# Afghan soldiers fire at Canadian convoy after Kandahar fender bender



## GAP (28 Dec 2010)

Afghan soldiers fire at Canadian convoy after Kandahar fender bender
By: Steve Rennie, The Canadian Press 28/12/2010
Article Link

ANDAHAR, Afghanistan - A small group of Afghan army soldiers shot at a Canadian convoy after a recent road accident outside Kandahar city, the military said Tuesday.

The Afghan troops were manning a checkpoint near the Dand district centre, southwest of the city, on Boxing Day when a re-supply convoy struck one of their vehicles.

The Canadians stopped to fill out paperwork and then started off down the road.

But the Afghan soldiers didn't want the Canadians to leave the scene and fired their weapons at the convoy and into the air.

The Canadian military says none of its soldiers were injured, nor did they return fire.

"(Task Force Kandahar) and 1-205 Corps ANA soldiers have been working extremely well together and this isolated incident does not reflect the close working relationship that both our organizations enjoy," Brig.-Gen. Dean Milner, the Canadian commander of troops in Kandahar, said in a statement.

"I work closely with Brig.-Gen. (Ahmad) Habibi each day and he has addressed the issue with his staff. I have complete confidence that once all the facts are gathered the appropriate actions will be taken."

The military says it is investigating the incident and the Afghan army plans to prosecute the troops involved.
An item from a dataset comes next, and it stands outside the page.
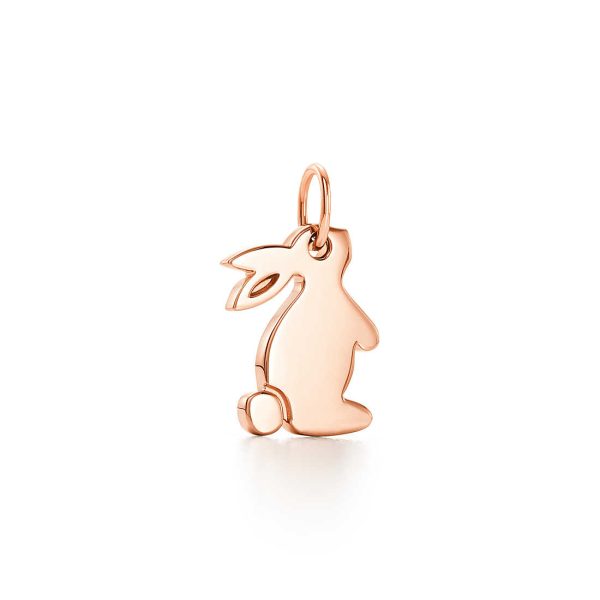 Snuggle Bunny Charm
Two Canadian journalists were kept at a distance Monday during a stop at the Dand district centre as Habibi, who commands the 1st Brigade of the Afghan Army's 205 Corps, dressed down his troops as Milner looked on.
More on link


----------



## jollyjacktar (29 Dec 2010)

Of the two groups at DDC during my stay, I was, until the evening of the VBIED more comfortable with the ANA vs the AUP.  Following the events of that night, I was never sure of what to be sure of again.  On the whole however, the ANA were by far the more professional of the two entities located there.


----------